__Task brief__. Please copy, exactly and with no pictures, only the lines from the one containing "para dormitorios mural" through the last line of the records.

Dataset records:
○ ○ ○ ○ ○

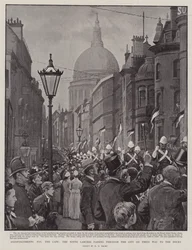 Reinforcements for the Cape, the Ninth Lancers Passing Through the City on Their Way to the Docks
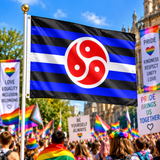 BDSM Pride Flag 5ft x 3ft displayed on a flagpole at a Pride rally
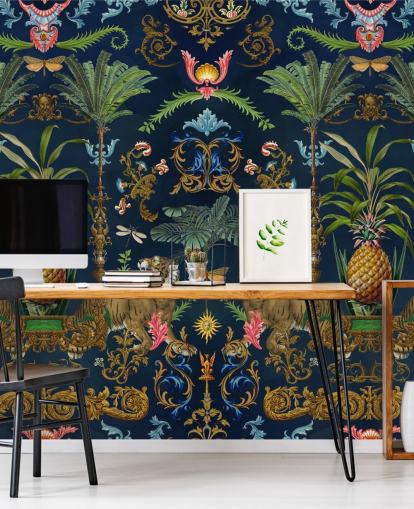 mural de papel pintado tropical de tigre y piña azul marino llamado Ornamental Tiger de Andrea Haase para dormitorios mural de papel pintado tropical de tigre y piña azul marino llamado Ornamental Tiger de Andrea Haase para dormitorios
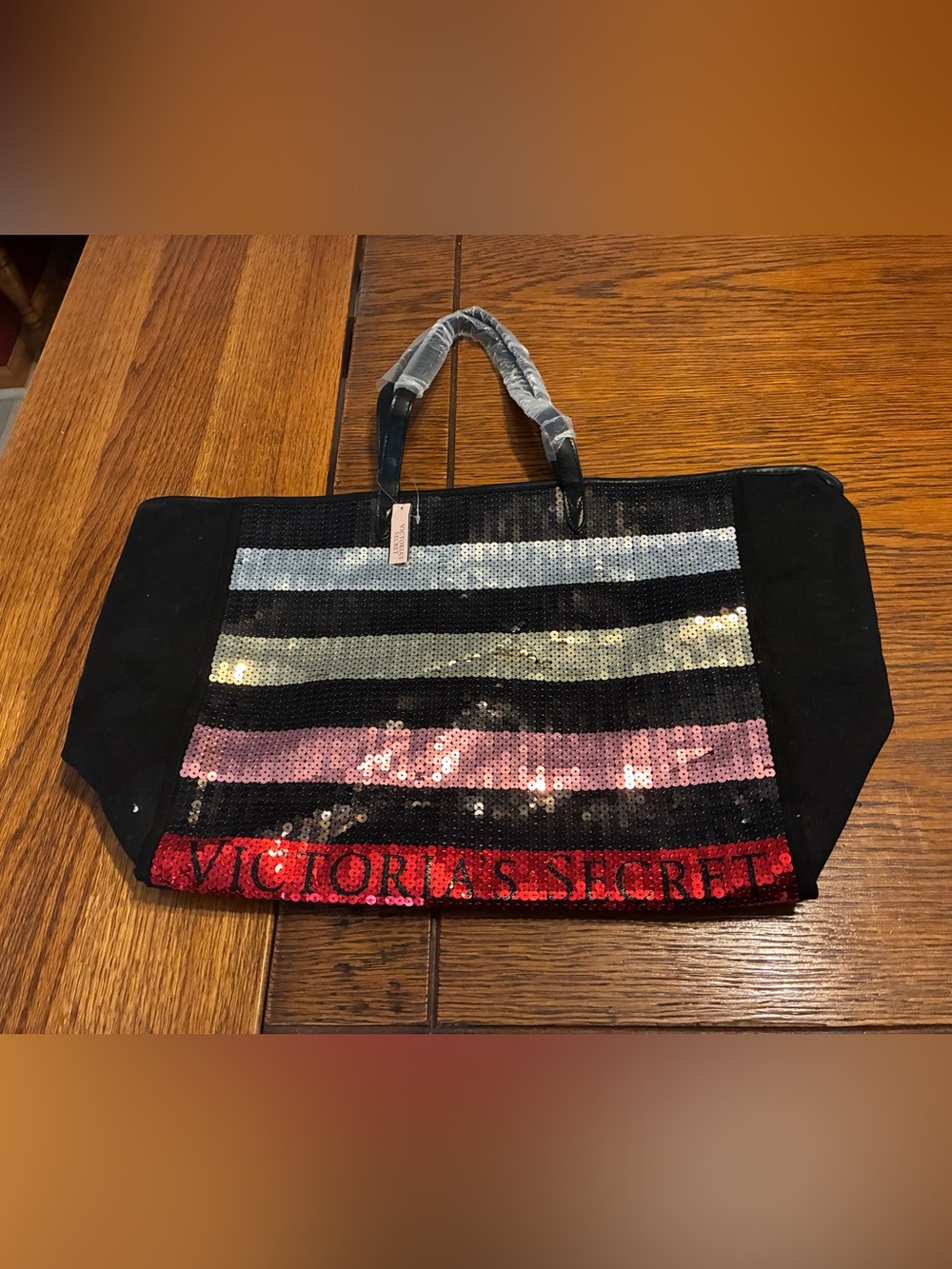 Victoria's Secret Black Tote with Red, Pink, Silver and Gold Sequin Stripes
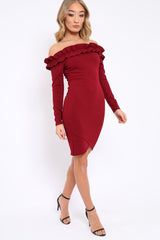 Wine Ruffle Bardot Bodycon Dress - Alix-Dresses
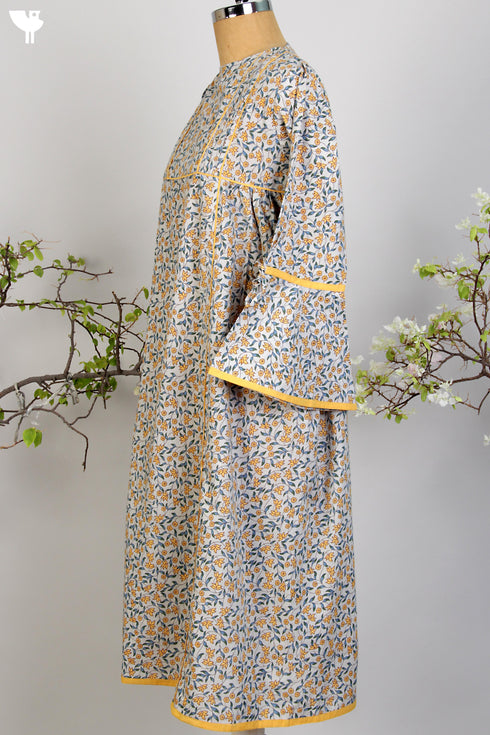 Cotton Cambric Dress Floral Hand Screen Print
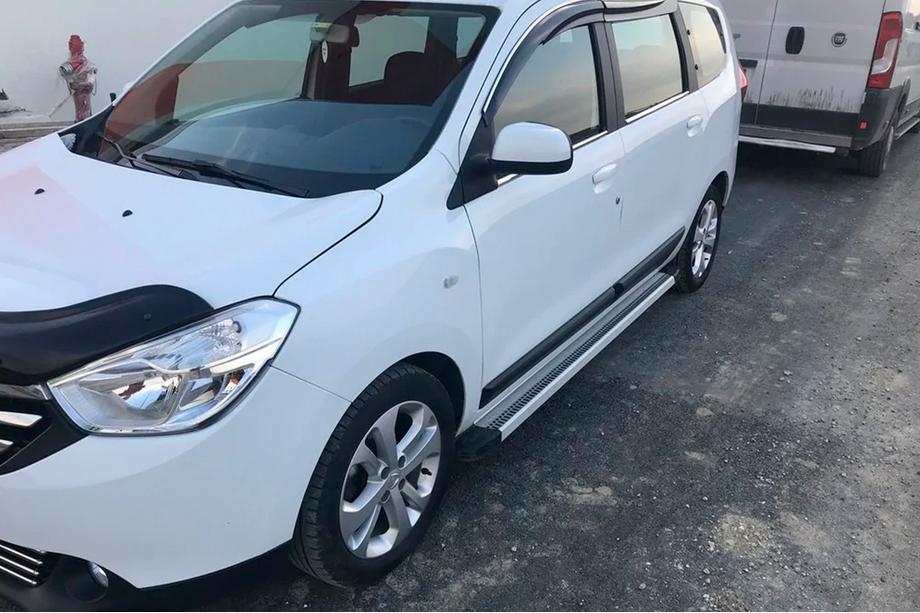 Renault Lodgy 2013-2022 гг. Боковые Подножки Maya V2 (2 шт., Алюминий) Image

○ ○ ○ ○ ○

__Result below__.
 mural de papel pintado tropical de tigre y piña azul marino llamado Ornamental Tiger de Andrea Haase para dormitorios mural de papel pintado tropical de tigre y piña azul marino llamado Ornamental Tiger de Andrea Haase para dormitorios
 Victoria's Secret Black Tote with Red, Pink, Silver and Gold Sequin Stripes
 Wine Ruffle Bardot Bodycon Dress - Alix-Dresses
 Cotton Cambric Dress Floral Hand Screen Print
 Renault Lodgy 2013-2022 гг. Боковые Подножки Maya V2 (2 шт., Алюминий) Image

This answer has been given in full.